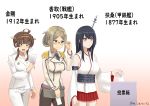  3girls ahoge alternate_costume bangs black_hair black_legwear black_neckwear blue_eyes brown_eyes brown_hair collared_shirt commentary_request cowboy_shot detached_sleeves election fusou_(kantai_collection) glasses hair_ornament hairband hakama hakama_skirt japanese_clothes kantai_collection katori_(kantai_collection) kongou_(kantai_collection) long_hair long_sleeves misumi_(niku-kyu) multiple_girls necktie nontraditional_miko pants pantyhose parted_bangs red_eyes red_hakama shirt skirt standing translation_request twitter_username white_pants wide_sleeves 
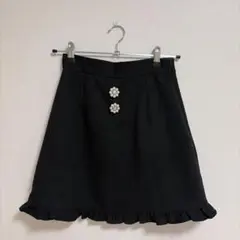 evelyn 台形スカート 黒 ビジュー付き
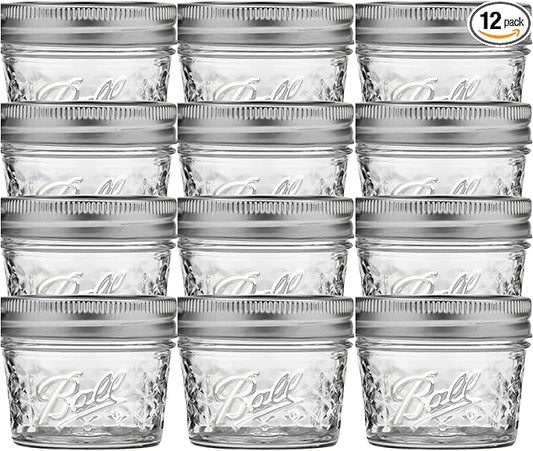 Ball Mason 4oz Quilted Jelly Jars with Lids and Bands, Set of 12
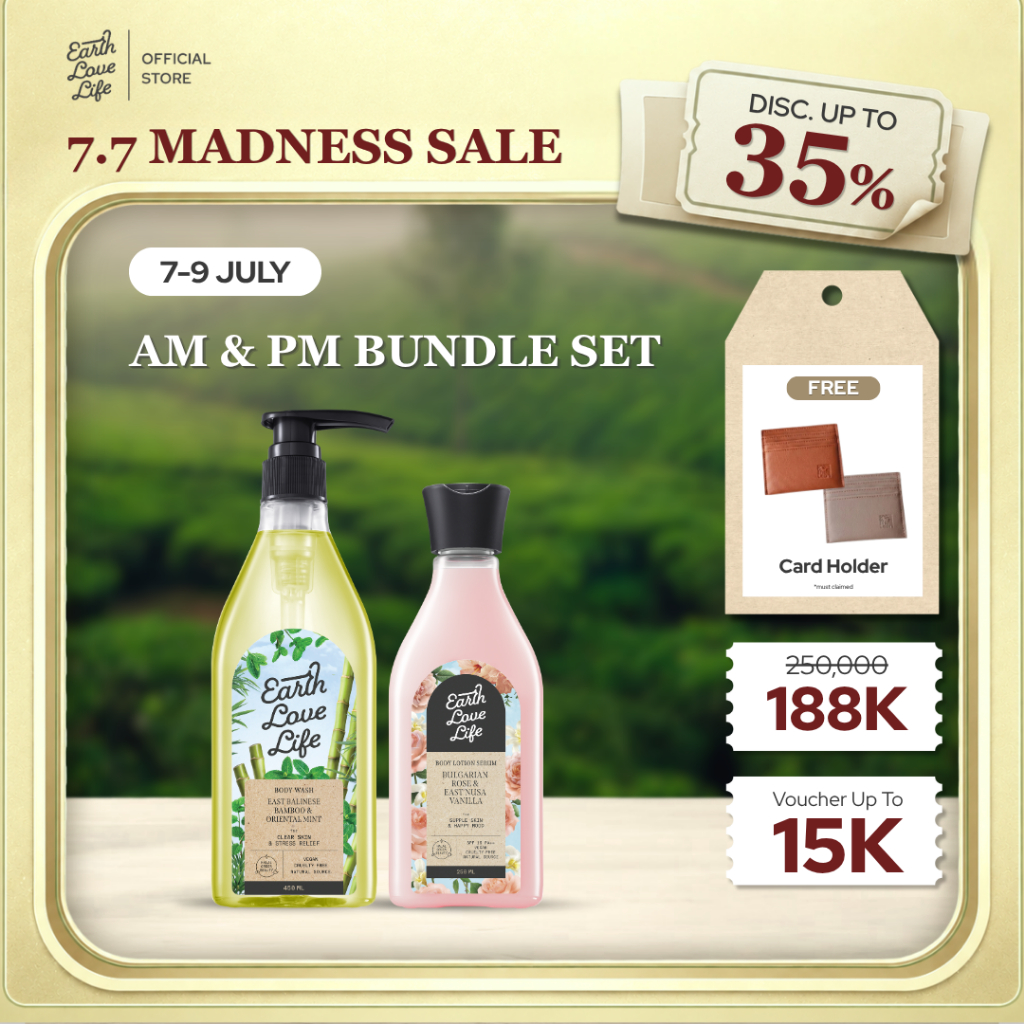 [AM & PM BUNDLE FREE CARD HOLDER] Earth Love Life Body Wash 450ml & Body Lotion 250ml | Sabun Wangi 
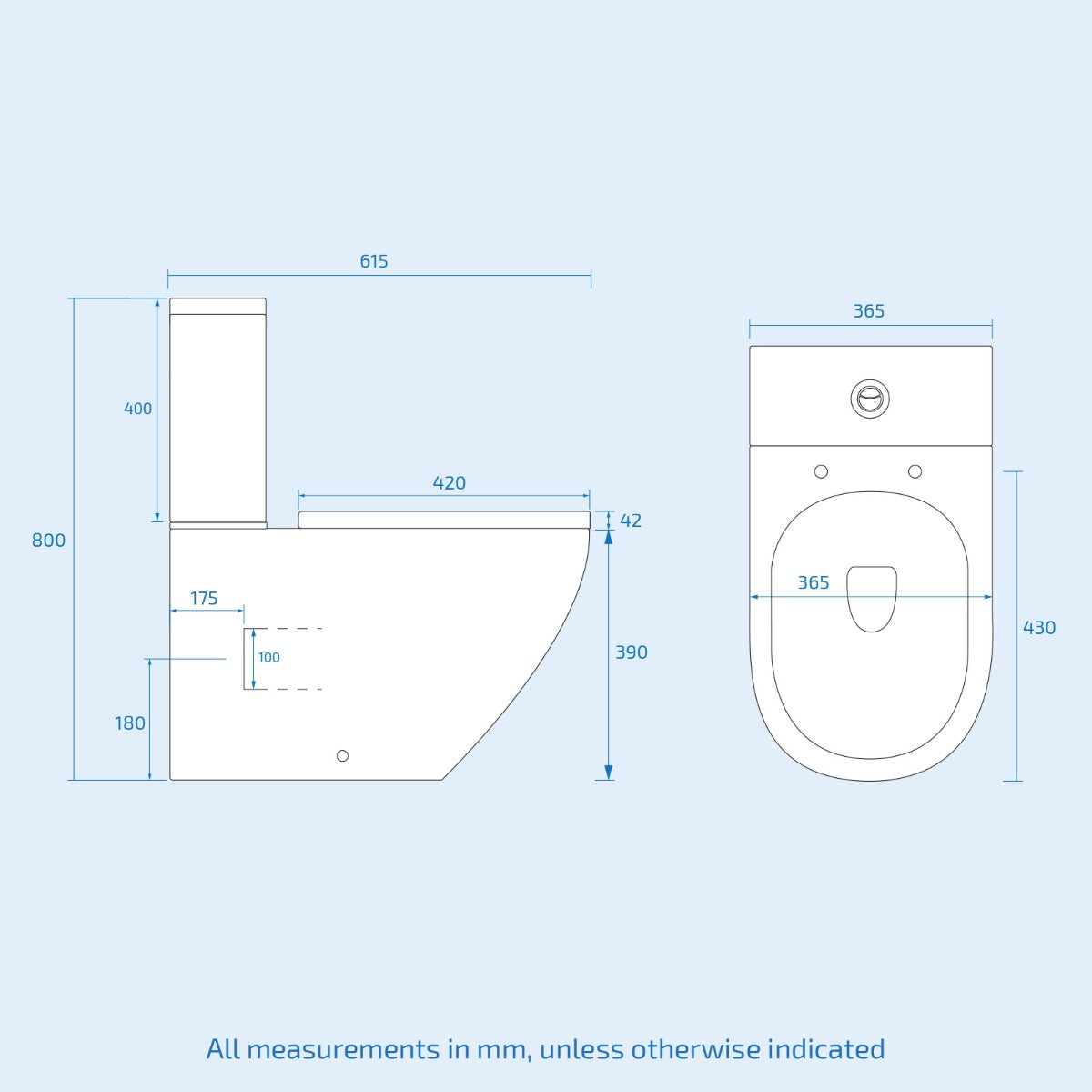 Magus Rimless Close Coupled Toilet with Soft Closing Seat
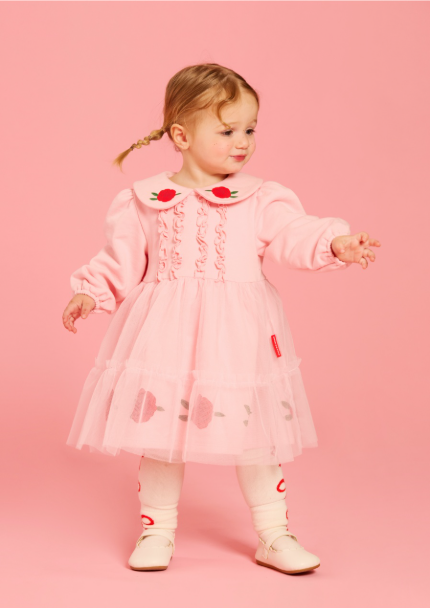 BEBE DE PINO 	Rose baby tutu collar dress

....................

* **What is required**
Repeat exactly the lines from the one holding "[AM & PM BUNDLE" through the last line of the entries, both included; the pictures do not belong in the copy.

* **Reply to the task**
 [AM & PM BUNDLE FREE CARD HOLDER] Earth Love Life Body Wash 450ml & Body Lotion 250ml | Sabun Wangi 
 Magus Rimless Close Coupled Toilet with Soft Closing Seat
 BEBE DE PINO 	Rose baby tutu collar dress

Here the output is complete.